§ **Task to complete**:
Copy down every line of the data that follows exactly. Omit the pictures.

§ **Dataset extract**:
*****

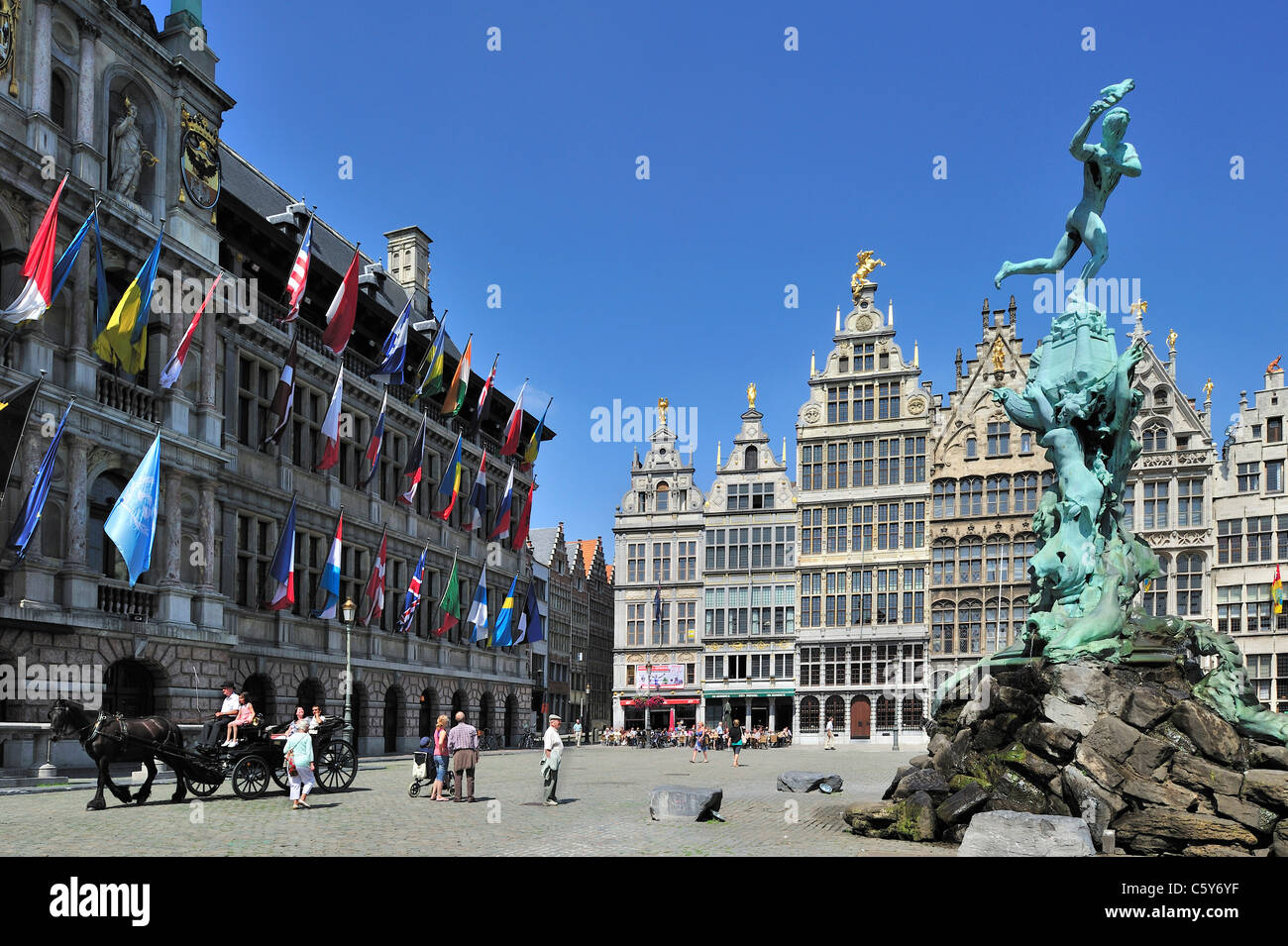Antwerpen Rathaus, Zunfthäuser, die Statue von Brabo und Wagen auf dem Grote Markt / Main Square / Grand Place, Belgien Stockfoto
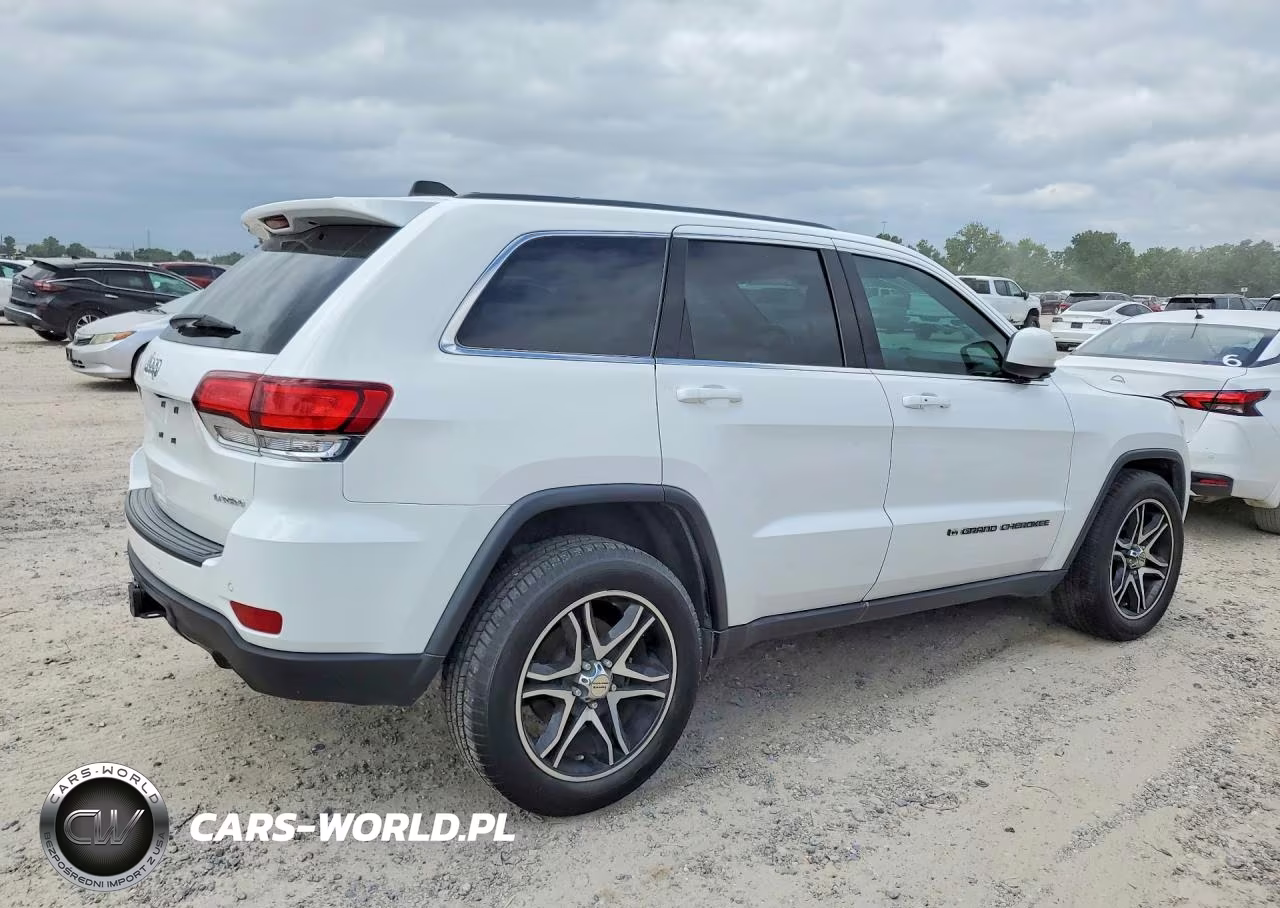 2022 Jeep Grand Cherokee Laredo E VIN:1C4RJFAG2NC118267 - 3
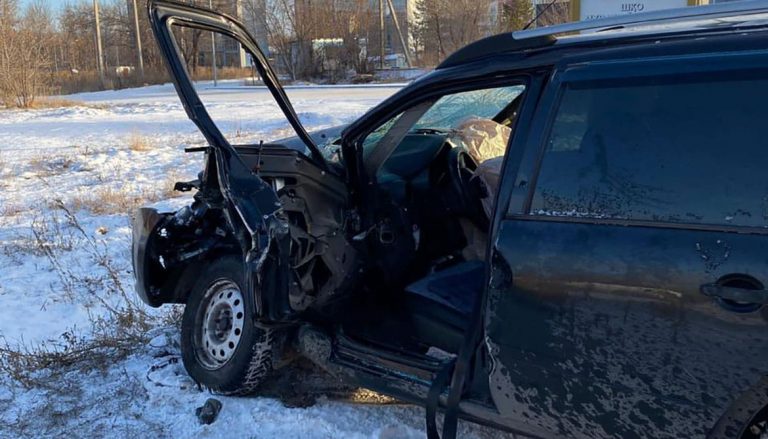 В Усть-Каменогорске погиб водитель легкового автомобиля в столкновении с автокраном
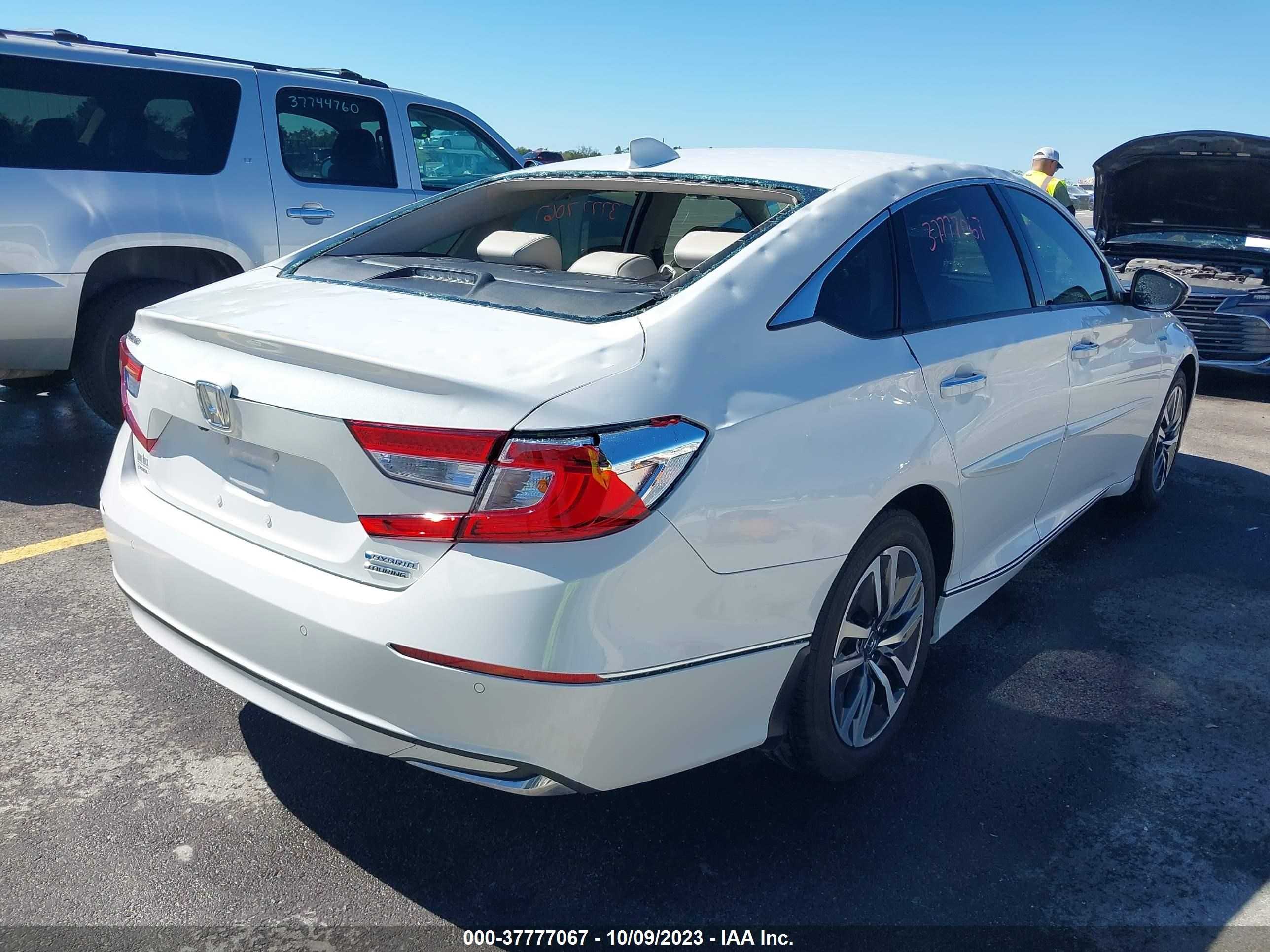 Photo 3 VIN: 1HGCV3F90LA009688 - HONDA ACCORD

*****

§ **Reply**:
Antwerpen Rathaus, Zunfthäuser, die Statue von Brabo und Wagen auf dem Grote Markt / Main Square / Grand Place, Belgien Stockfoto
 2022 Jeep Grand Cherokee Laredo E VIN:1C4RJFAG2NC118267 - 3
 В Усть-Каменогорске погиб водитель легкового автомобиля в столкновении с автокраном
 Photo 3 VIN: 1HGCV3F90LA009688 - HONDA ACCORD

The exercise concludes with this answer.